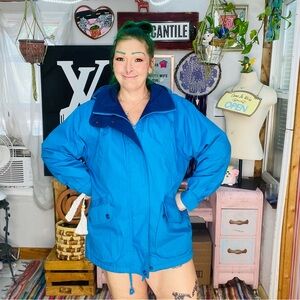 Pacific Trail Blue Ski Jacket Weather-Resistant Design Size Large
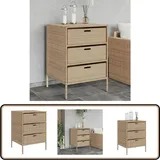 Vidaxl - Gartenschrank Beige 55x59x80 cm Poly Rattan - Outdoor-Schrank - Gartenschrank - Stauraumsschrank - Rattan-Schrank - Gartenorganisation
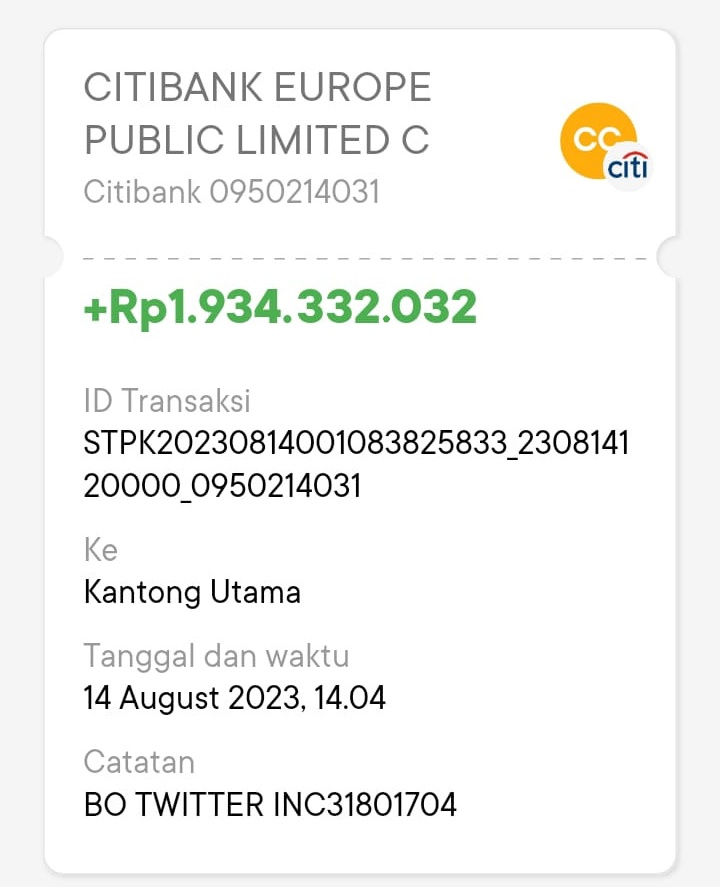 jellypastaa's tweet photo. makasi om @elonmusk dan @x buat gajiannya.

#AstaNikah2023 di depan mata. https://t.co/0YHSvisq80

--- HOW TO COMPLETE THIS TASK ---
Your answer should reproduce every line of the data verbatim and include no images.

--- YOUR SOLUTION ---
 Pacific Trail Blue Ski Jacket Weather-Resistant Design Size Large
 Vidaxl - Gartenschrank Beige 55x59x80 cm Poly Rattan - Outdoor-Schrank - Gartenschrank - Stauraumsschrank - Rattan-Schrank - Gartenorganisation
 jellypastaa's tweet photo. makasi om @elonmusk dan @x buat gajiannya.

#AstaNikah2023 di depan mata. https://t.co/0YHSvisq80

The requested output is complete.